Une « chose extraordinaire » se passe lorsqu' arrive la saison des feuilles mortes. « Les feuilles du plus petit arbre tombent avant que celles du grand arbre ne prennent le relais et tombent à leur tour », raconte-t-il.
Volontiers, il conduit les visiteurs du jour vers le fromager et montre les traces du sang qui y a coulé en 1914, »suite à un coup de sabre frappé par Jaaraf Farba Paye qui refusait de quitter les lieux sous la pression des colons. À la vue du sang, ces derniers ont eu peur et se sont enfuis », raconte le gardien du temple.
Le fromager est toujours là, imposant et plein de majesté, malgré les années et le désordre caractérisant désormais le cadre de vie de la capitale sénégalaise et de son centre-ville, avec ces nombreux petits commerces installés partout.
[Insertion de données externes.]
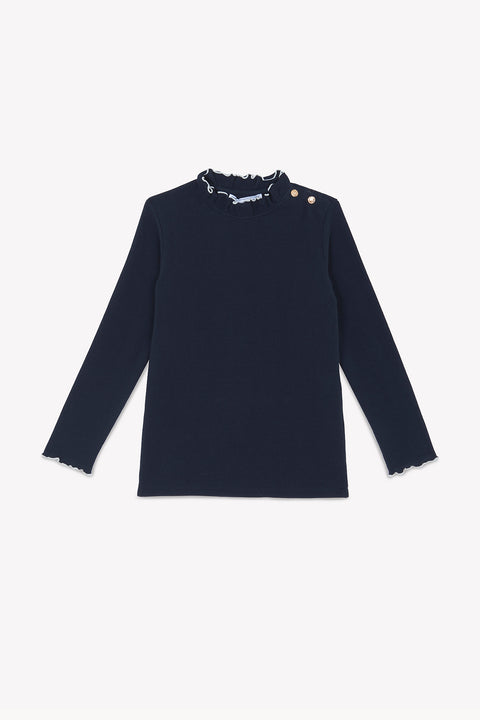 Roll neck top - Navy chimney collar - Image principale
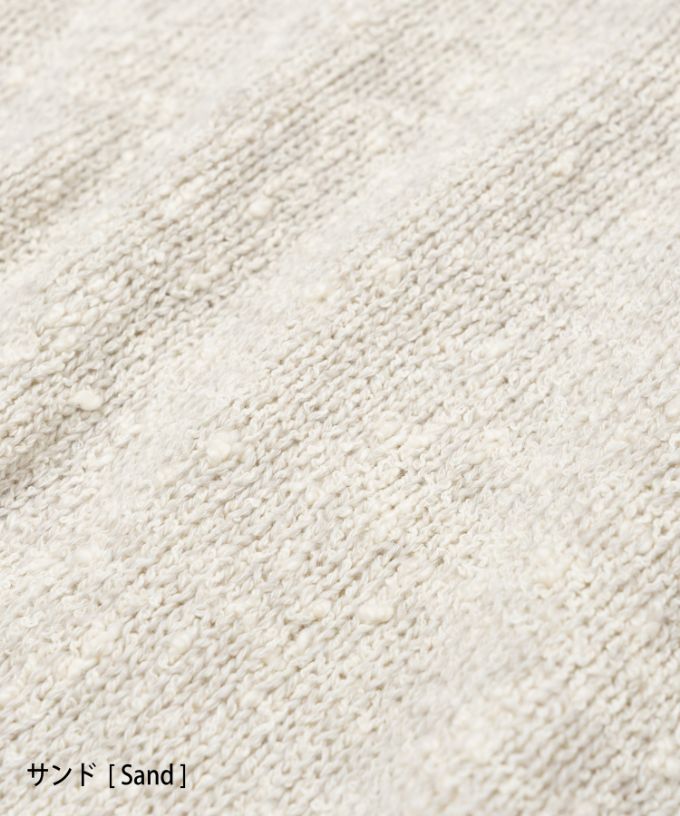 ピテトップ　コットンスラブの配色ニットトップス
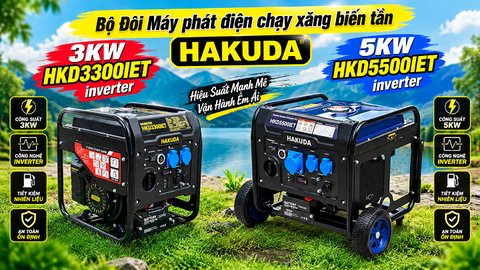Giải Pháp Điện Sạch & Tiết Kiệm: Bộ Đôi Máy Phát Điện Biến Tần HAKUDA 3KW & 5KW Inverter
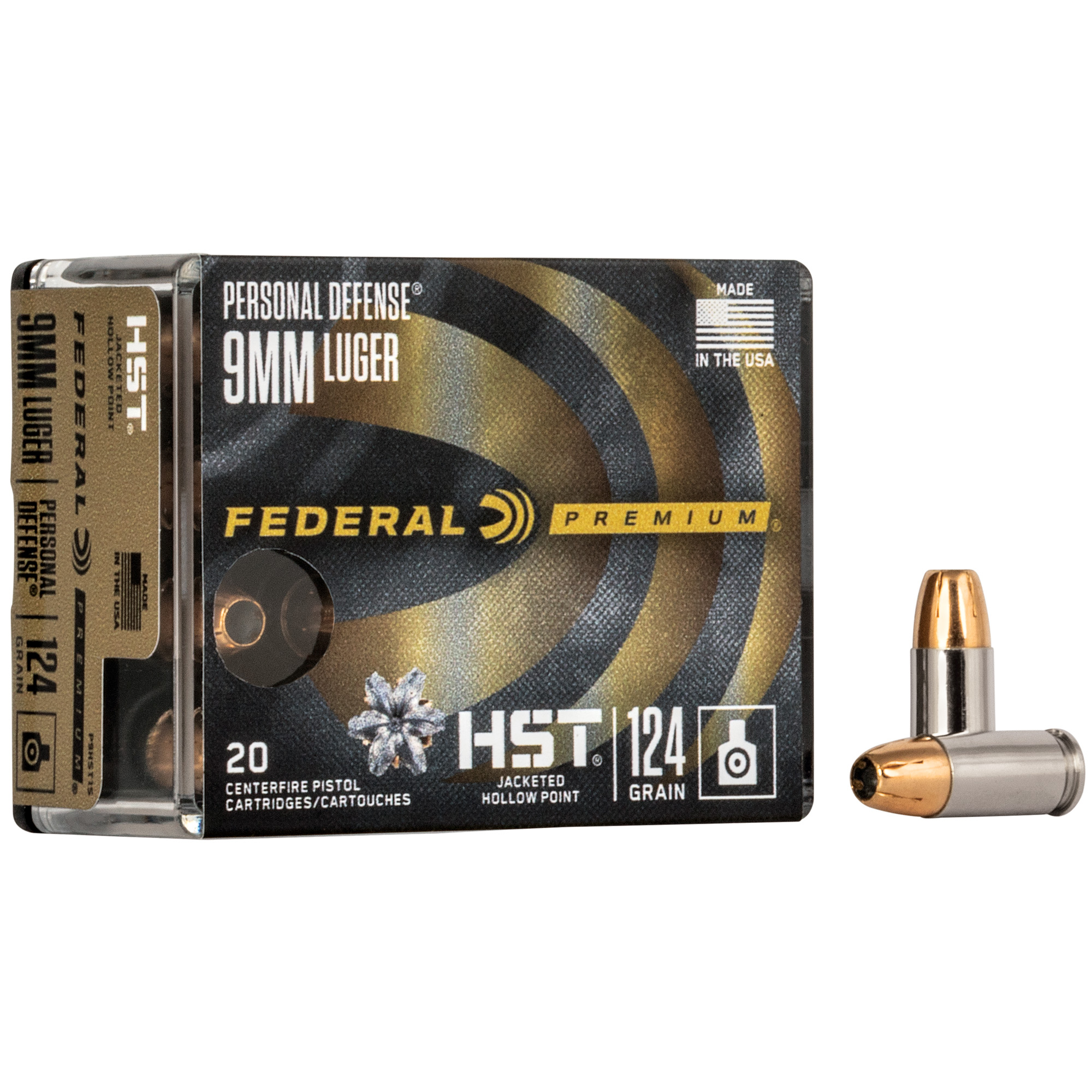 Federal Premium HST 9mm 124gr Jacketed Hollow Point – 20rd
Un autre arbre, non moins symbolique, se trouve dans les environs. Il est toujours debout, au sein d'une mosquée dont le bâtiment ne présente jusque-là aucune fissure.
« Beaucoup de gens viennent prier ici et je ne saurais vous dire tous les miracles liés à ces deux arbres », conclut Pa Diossy, qui redit à qui veut l'entendre sa volonté de contribuer à perpétuer le legs de ses ancêtres.
Pour ce faire, sur le plan personnel, il continue de rendre visite chaque dimanche à un de ses enfants, une occasion pour réunir ses enfants et petits-enfants pour leur conter l'histoire de leurs aïeux.